§ **WHAT TO WORK ON**
Exactly the lines from the line containing "Vor mehr als" through the final line of the entries below must be returned, and only those, without pictures.
=== TASK DATA ===
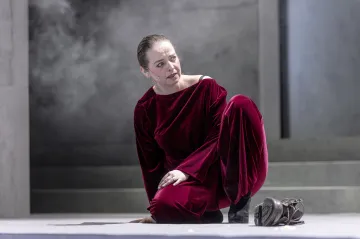 Temný příběh groteskním způsobem, Národní divadlo uvedlo Ibsenovu Hedu Gablerovou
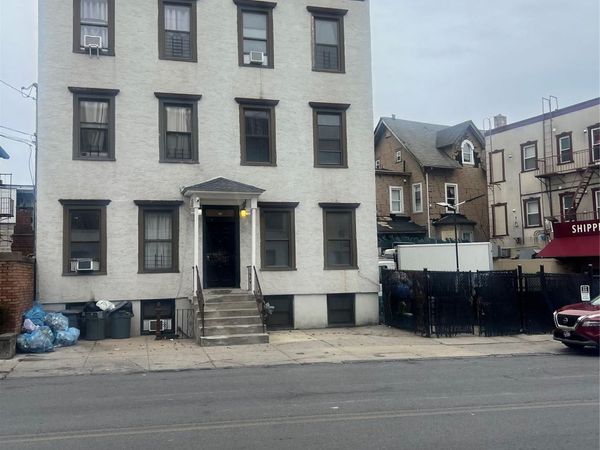 273 W Lincoln Avenue, Mount Vernon, NY 10550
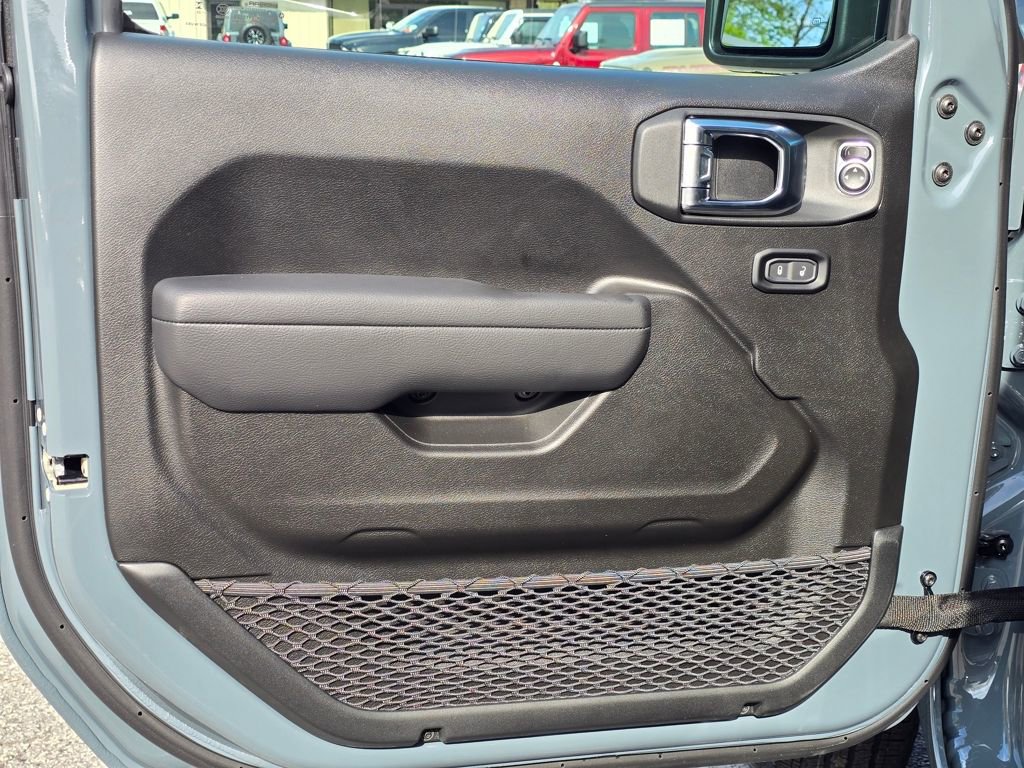 New 2025 Jeep Wrangler Sport S image 35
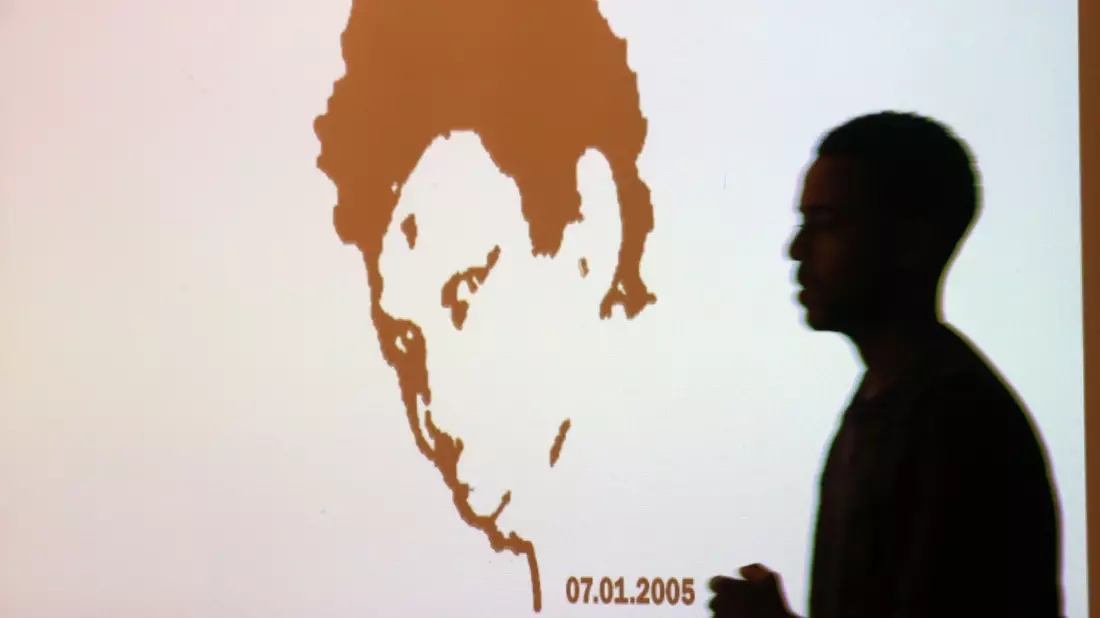 Vor mehr als 18 Jahren war der aus Sierra Leone stammende Oury Jalloh gefesselt in einer Zelle gestorben. - Bild: Wolfgang Kumm/dpa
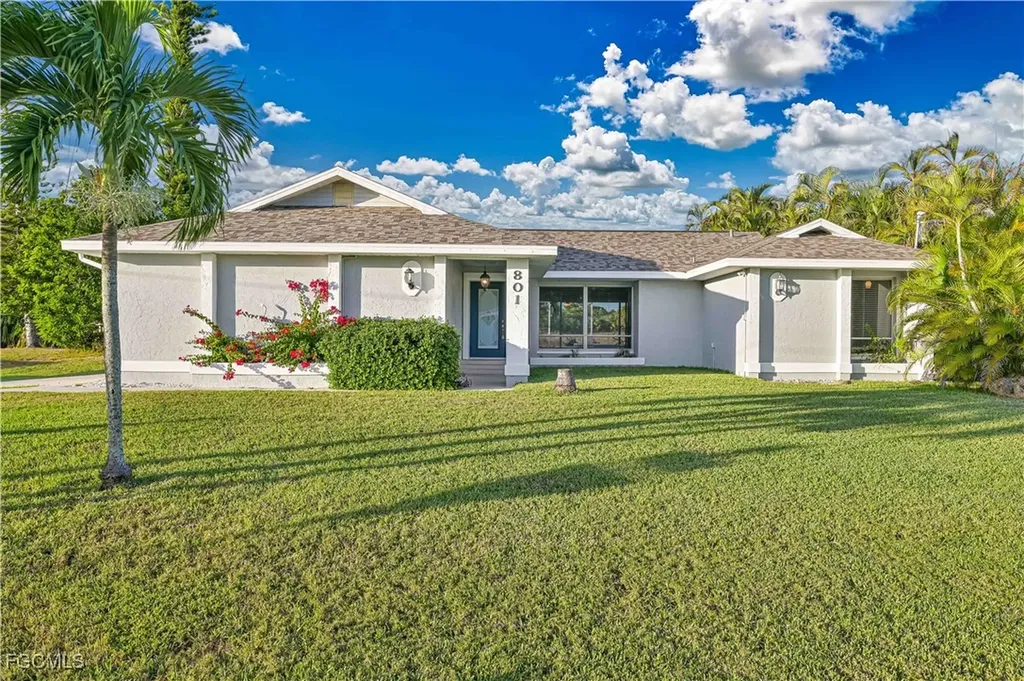 801 SE 41st Street Cape Coral FL 33904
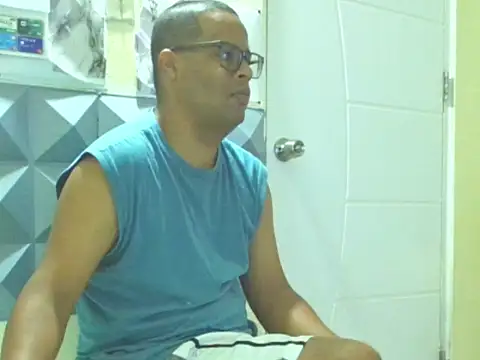 Snapshot of thesugar32 chatting on February 22, 1:09 pm thesugar32 online show from February 22, 1:09 pm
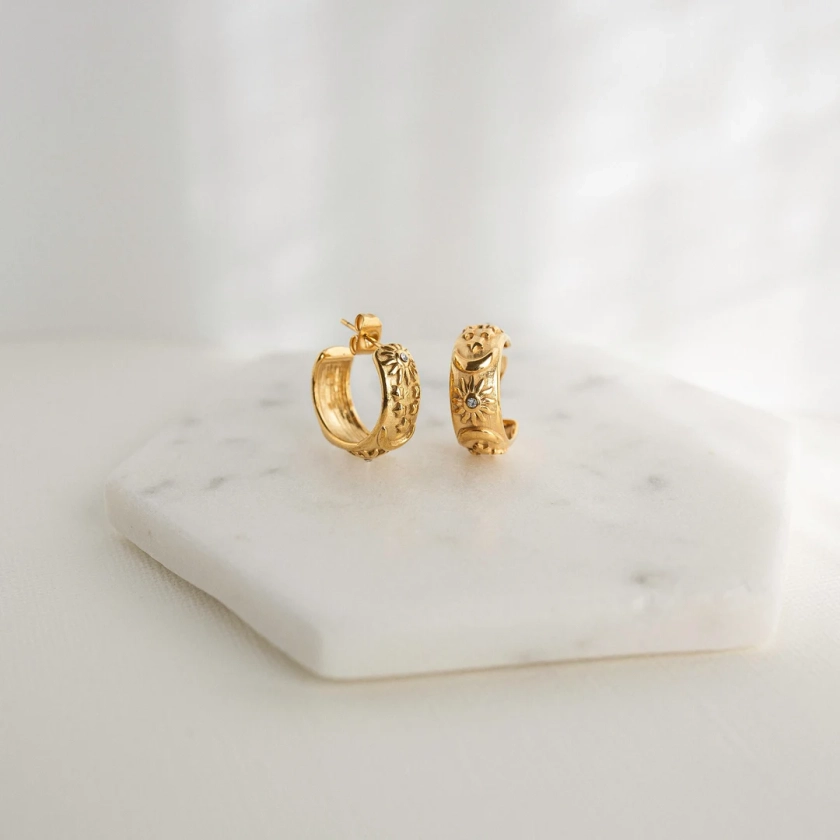 18K Gold Moon Star Hoop Earrings, Chunky Gold Huggies, Celestial Gold Earrings, Waterproof Earrings, Vintage Inspired Earrings, Boho Chic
===
§ **ANSWER TO THIS TASK**
 Vor mehr als 18 Jahren war der aus Sierra Leone stammende Oury Jalloh gefesselt in einer Zelle gestorben. - Bild: Wolfgang Kumm/dpa
 801 SE 41st Street Cape Coral FL 33904
 Snapshot of thesugar32 chatting on February 22, 1:09 pm thesugar32 online show from February 22, 1:09 pm
 18K Gold Moon Star Hoop Earrings, Chunky Gold Huggies, Celestial Gold Earrings, Waterproof Earrings, Vintage Inspired Earrings, Boho Chic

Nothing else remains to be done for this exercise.